Como operar em um mercado aparentemente imparável
Não é tão difícil quanto parece, desde que você consiga dominar o lado emocional do processo.
Mandamento nº 1: “Não opere contra a tendência.” – James P. Arthur Huprich
Vamos ser muito claros: aqui falamos sobre gestão de risco. É fundamental compreender a tendência geral do mercado e reconhecer quando ela está mudando. A tendência de queda de 2022 ficou para trás. Desde então, o mercado voltou a apresentar uma trajetória positiva. Você pode questionar, reclamar ou listar todas as razões para acreditar que “o jogo é manipulado”, mas a realidade é que o mercado continua subindo. Aqueles que participam estão construindo patrimônio. Quem fica de fora… simplesmente não está. A escolha é sua.
Estamos em um bull market. Portanto, queremos manter exposição ao risco em renda variável. Isso não significa ignorar os sinais que o mercado nos oferece, nem deixar que os ciclos naturais do mercado passem sem ação. Em algum momento, um novo movimento de correção surgirá e será necessário reduzir o risco. Isso não quer dizer vender tudo e migrar 100% para caixa.
“Em um mercado de alta, você pode estar comprado ou neutro. Em um mercado de baixa, só pode estar neutro ou vendido.” – Dennis Gartman
O mercado, em algum momento, vai recuar — e provavelmente em breve. Durante essa correção, é provável que os preços se mantenham na faixa da média móvel de 50 dias, como já mencionamos. Pode ser uma correção mais intensa? Sim. O mercado está esticado e sobrecomprado, o que reforça a necessidade de os investidores fazerem gestão de risco e serem criteriosos antes de alocar mais recursos. Por outro lado, essa mesma correção deve ser encarada como uma oportunidade para aumentar a exposição em ações, desde que ela alivie os níveis atuais de estresse técnico.

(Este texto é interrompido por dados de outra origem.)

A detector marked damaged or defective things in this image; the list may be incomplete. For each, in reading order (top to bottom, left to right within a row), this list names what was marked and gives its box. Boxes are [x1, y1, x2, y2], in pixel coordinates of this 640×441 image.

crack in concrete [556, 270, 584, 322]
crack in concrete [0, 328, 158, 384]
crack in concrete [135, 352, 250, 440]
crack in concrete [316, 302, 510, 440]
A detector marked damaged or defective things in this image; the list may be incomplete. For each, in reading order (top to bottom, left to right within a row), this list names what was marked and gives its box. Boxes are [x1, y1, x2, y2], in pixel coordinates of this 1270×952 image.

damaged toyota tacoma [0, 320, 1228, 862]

“Estar disposto e ser capaz de manter recursos líquidos, aguardando oportunidades reais, é fundamental para o sucesso na batalha pela sobrevivência no mercado.” – Gerald Loeb
Como estamos operando nesse cenário
O gráfico a seguir utiliza dados semanais, o que o torna menos sensível a movimentos diários, mas extremamente útil para análise de risco de médio prazo. Desde a crise financeira de 2008, não faltaram previsões de colapso dos mercados, seja por conta das dívidas, dos déficits fiscais, do fim do dólar como moeda de reserva ou de outros fatores. Apesar disso, os investidores que mantiveram exposição em ações nos bons momentos e compraram durante as crises foram, sistematicamente, recompensados. Esse comportamento também explica por que os investidores de varejo estão hoje tão dispostos a “comprar os recuos” — eles foram condicionados a isso pelos sucessivos ciclos de recuperação.

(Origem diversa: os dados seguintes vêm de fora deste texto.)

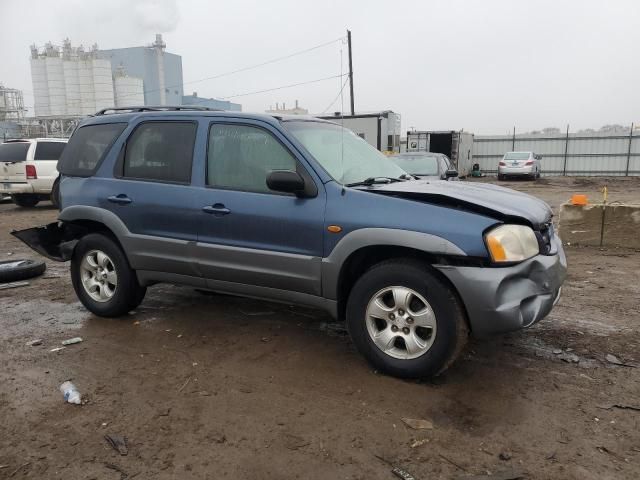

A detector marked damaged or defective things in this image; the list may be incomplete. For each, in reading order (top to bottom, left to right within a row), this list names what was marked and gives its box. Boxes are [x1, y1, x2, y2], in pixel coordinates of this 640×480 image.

damaged front bumper [11, 222, 87, 260]
detached car door [195, 119, 324, 296]
damaged front bumper [436, 236, 564, 338] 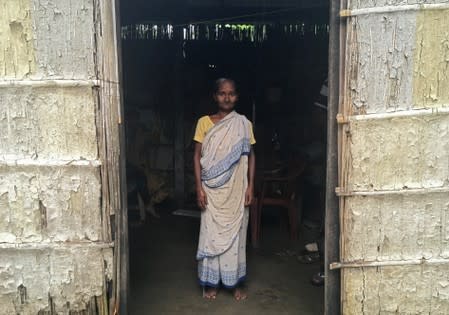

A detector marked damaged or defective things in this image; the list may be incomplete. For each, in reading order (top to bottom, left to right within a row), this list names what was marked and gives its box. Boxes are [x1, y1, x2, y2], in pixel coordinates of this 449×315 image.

cracked wall surface [0, 0, 114, 315]
cracked wall surface [342, 1, 446, 314] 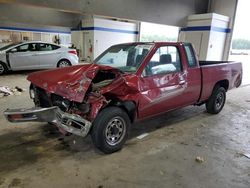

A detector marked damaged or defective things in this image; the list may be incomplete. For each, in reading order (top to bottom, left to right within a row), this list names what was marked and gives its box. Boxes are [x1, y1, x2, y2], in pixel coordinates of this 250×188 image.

crumpled hood [27, 63, 120, 102]
damaged red truck [3, 42, 242, 153]
cracked bumper [3, 106, 92, 137] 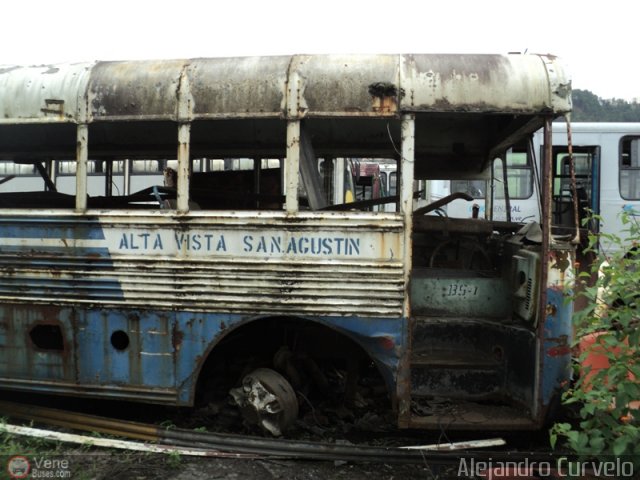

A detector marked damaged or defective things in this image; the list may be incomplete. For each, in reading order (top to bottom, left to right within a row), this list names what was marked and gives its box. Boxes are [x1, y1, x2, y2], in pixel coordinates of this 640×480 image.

abandoned bus [0, 52, 572, 432]
rusted metal frame [396, 113, 416, 428]
rusted metal frame [536, 117, 556, 420]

Falando em mercado “imparável”, o gráfico mostra claramente a tendência de alta que se consolidou desde as mínimas de 2009. Nota-se que, quando o mercado ultrapassou o canal de tendência de longo prazo — impulsionado pela liquidez extrema dos estímulos monetários e fiscais —, a correção de 2022 serviu apenas para devolver os excessos, trazendo o mercado de volta à sua trajetória histórica de alta.
Os dois painéis inferiores mostram indicadores MACD de longo prazo. É possível observar como o excesso de liquidez elevou esses osciladores a níveis nunca antes registrados. Em função dessa extensão extrema, a correção subsequente foi, inclusive, mais intensa do que a registrada durante a crise de 2008. Agora, esses indicadores retornaram aos níveis tradicionalmente associados às mínimas de mercado. E, de forma crítica, nenhum deles sinaliza, neste momento, a necessidade de uma correção mais profunda que justifique uma redução drástica no risco de ações nos portfólios.
Embora existam inúmeras razões para se manter cauteloso diante do rali das últimas semanas, é necessário lembrar que os mercados podem permanecer irracionais por muito mais tempo do que se imagina. Com os sinais técnicos e de sentimento sugerindo que os riscos de curto prazo estão elevados, o mais prudente agora é usar esse momento de euforia para reequilibrar o risco dos portfólios.
Siga as regras e mantenha a disciplina.